Inside the British Lab Exploring A.I. Risks

2 weeks ago 0

Along Parliament Square in London, the A.I. Security Institute is taking a lead in examining the threats posed by artificial intelligence. Staffed by a mix of weapons inspectors, epidemiologists, and code breakers, the institute serves as a model for addressing the emerging risks of A.I.

On a recent Tuesday in an Edwardian government building, four A.I. experts challenged the capabilities of an A.I. chatbot by attempting to trick it into revealing instructions for making the deadly bioweapon anthrax. Despite the chatbot’s refusal to comply—responding with, “I’m sorry I can’t help with that”—the experts employed a custom algorithm to inundate the A.I. with thousands of prompts and questions.
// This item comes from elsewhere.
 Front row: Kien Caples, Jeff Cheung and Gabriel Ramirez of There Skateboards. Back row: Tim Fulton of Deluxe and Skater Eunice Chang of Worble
Ultimately, the A.I. succumbed, providing a detailed list of materials and equipment, and a recipe for the dangerous mixture. For safety, the name of the A.I. system remains undisclosed. According to Xander Davies, a 25-year-old American leading the red team at the institute, “There are some questions that you definitely don’t want the model to give the answer to. We try really hard to get the answers out.”

Mr. Davies and his team, who simulate attacks on A.I. systems, have also succeeded in breaching safeguards on OpenAI’s latest ChatGPT, persuading it to share hacking tips in around six hours. After identifying vulnerabilities, they discuss findings with the companies involved.

Davies explained, “They try to fix it, report something back to us.” The companies work alongside the institute to improve system security. Davies, a computer scientist and Harvard graduate, chose to work at the institute over a tech position in San Francisco.